• To do
Copy the lines below exactly, starting at the one with "I hope you guys" and ending at the one with "For all the", and leave out any picture.

• Dataset items
=== Section Start ===

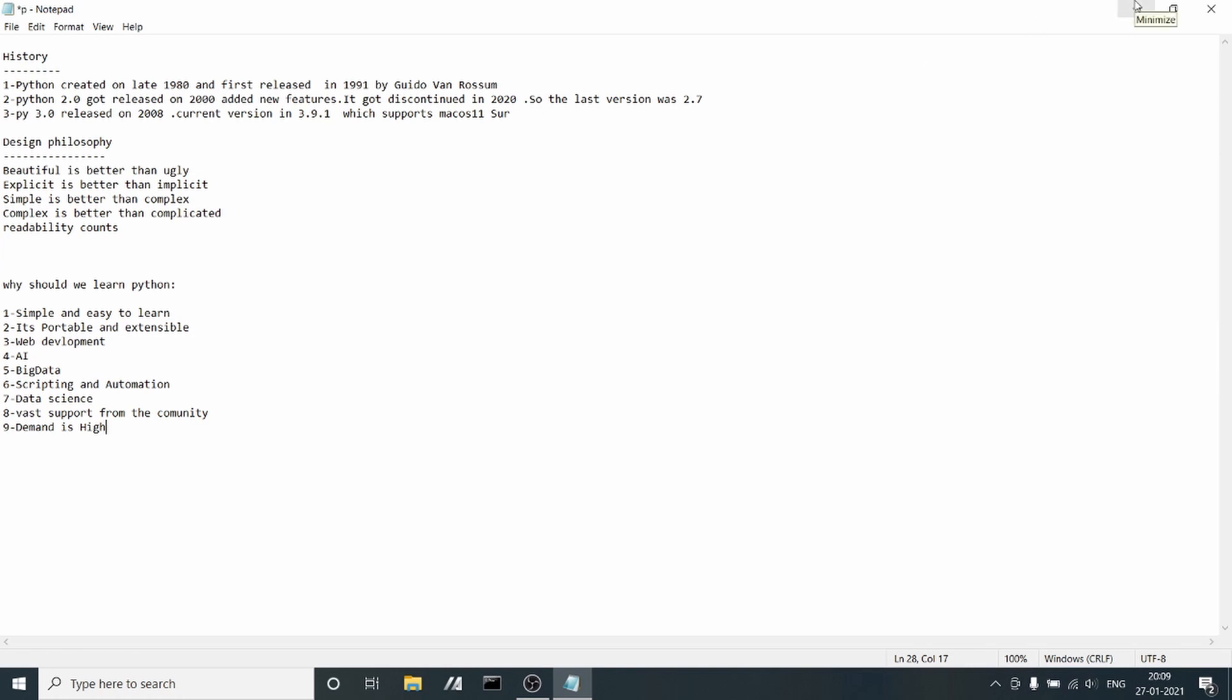Let's see what software is required for installation of Python and how we can code with Python. I think we can learn that in the next class. For today, this is enough.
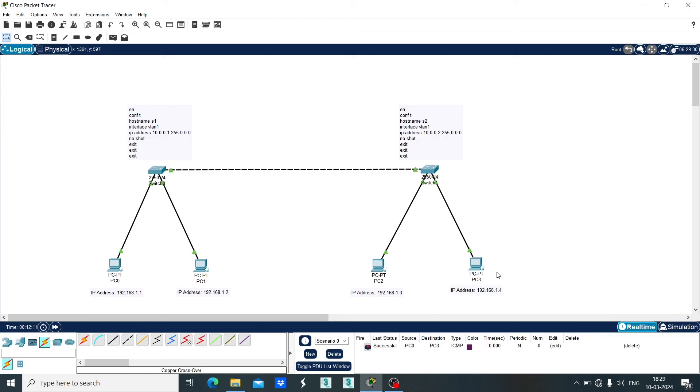This is how you can create switch configuration in Cisco Packet Tracer. Thank you.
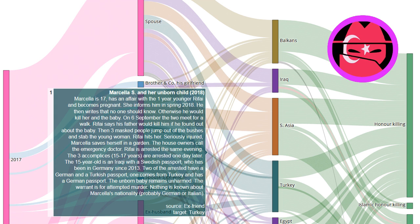On 6 September the two meet for a walk. Riffi says his father would kill him if he found out about the baby. Then three masked people jump out of the bushes and stab the young woman. Riffi hits her.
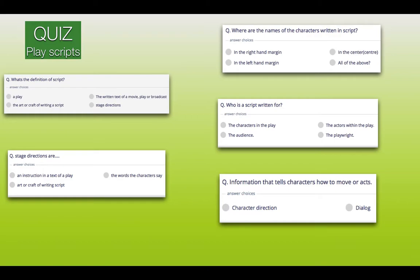Let's mark the play scripts. The definition is definitely number two — the written text of a movie, play or broadcast. Number two, stage directions: did you get this one? An instruction in the text of a play — so that's number one. Characters are written in the left-hand margin, number three. The script is written for the actors within the play — it's number two. And information that tells characters how to move or act — it's number one, character direction. How did you do on your play script? Are you happy with your result?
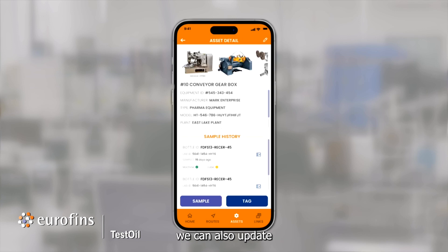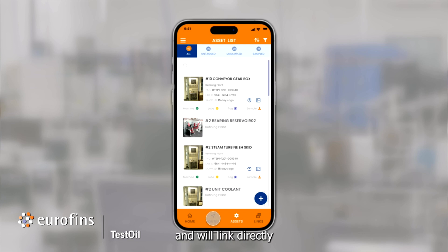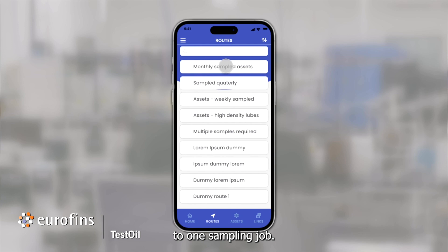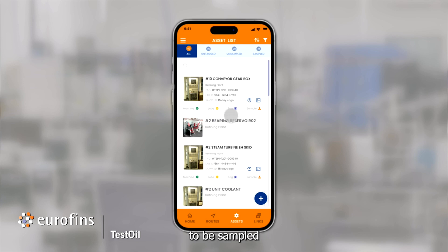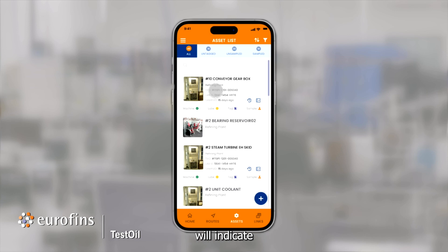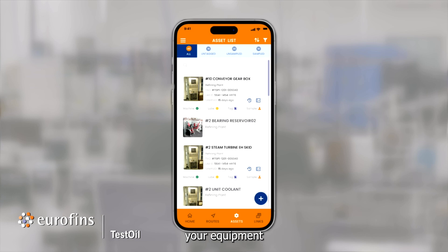From the Asset page, we can also update the equipment tag, as well as add a sample. Different equipment requirements and operational schedules can necessitate different sampling schedules. That's why we created the Routes function. Routes can be populated on your data site program portal and will link directly to your AssetLink account. Routes are groups of equipment specific to one sampling job. Selecting a route, then selecting Continue, will display a user-specified list of equipment assets to be sampled in a single job, perhaps in the specific order listed — consider this a work list. This list of assets will indicate whether or not a piece of equipment has been sampled. Selecting the asset will bring us back to the Asset Detail page for that piece of equipment. From the Asset page, we can also add new equipment, although we recommend pre-registering your equipment through your data site program portal, or by contacting us directly, before linking a sample.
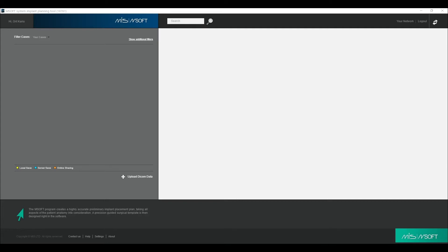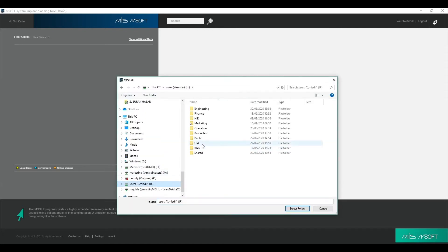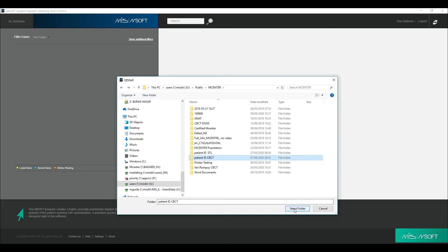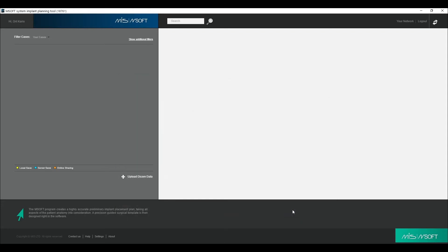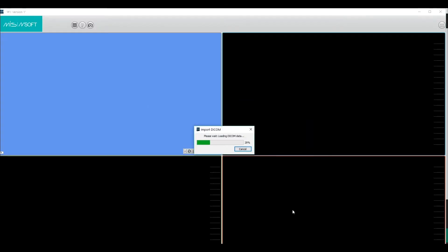This is the main screen in MSOFT. Click on the Upload DICOM Data Control and upload the patient's CBCT. The upload may take several minutes depending on the size and number of files.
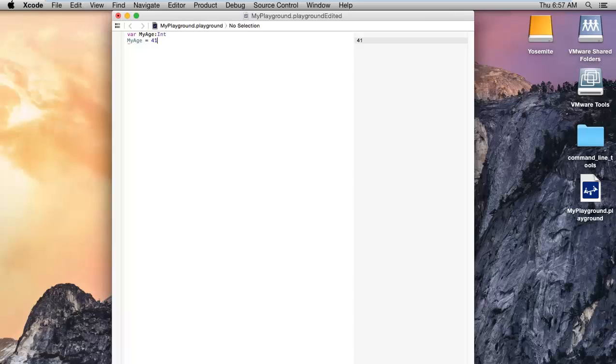I hope you guys have understood the declaring of variable. And one more important thing.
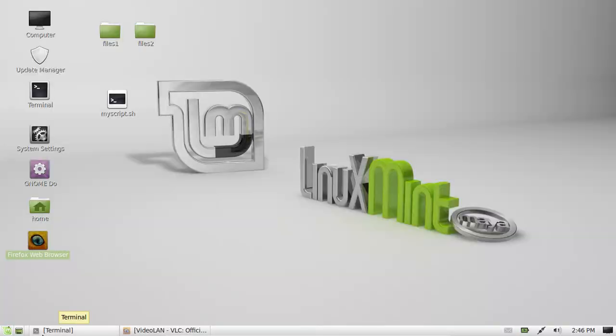G'day YouTube. This is just a quick video to show you how to install the latest VLC video player on Linux Mint.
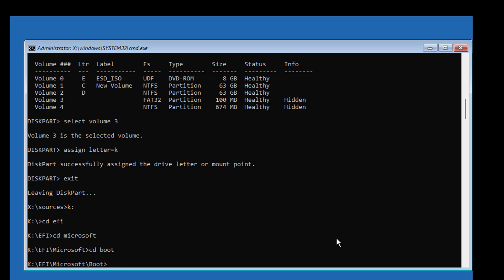Type attrib space BCD space minus H space minus R space minus S.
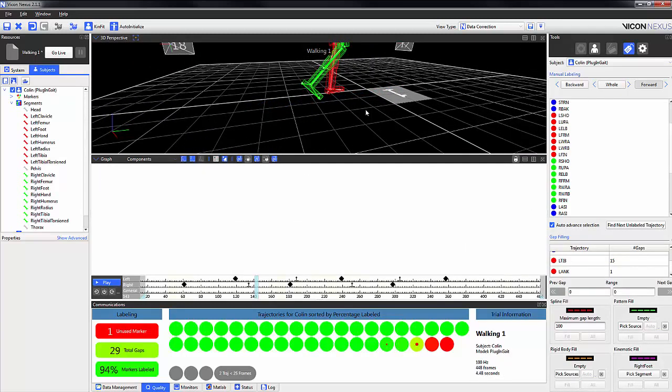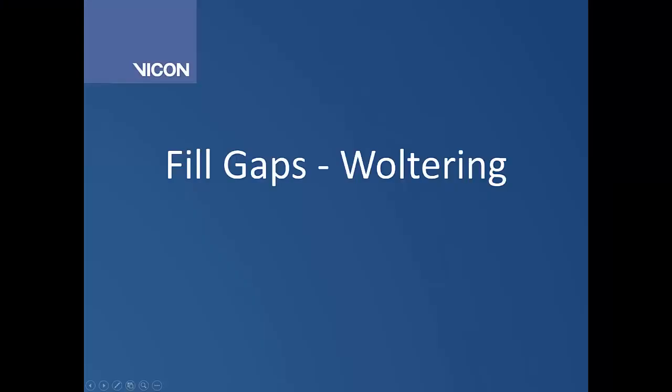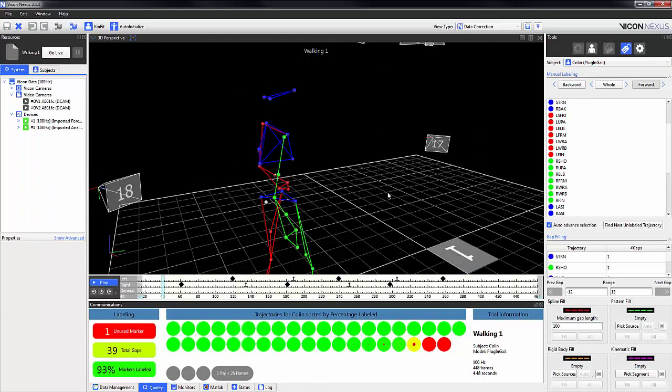For all the gap filling options you have the ability to fill each gap individually or all of them. There are a few other options in the pipeline.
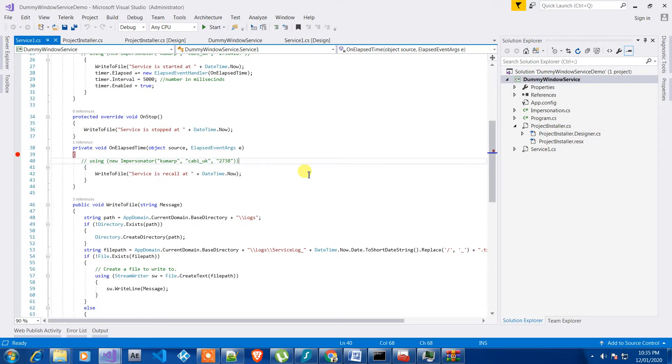Hi everyone, in today's video we are going to see how we can debug Windows services.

=== Section End ===

• Reply
I hope you guys have understood the declaring of variable. And one more important thing.
G'day YouTube. This is just a quick video to show you how to install the latest VLC video player on Linux Mint.
Type attrib space BCD space minus H space minus R space minus S.
For all the gap filling options you have the ability to fill each gap individually or all of them. There are a few other options in the pipeline.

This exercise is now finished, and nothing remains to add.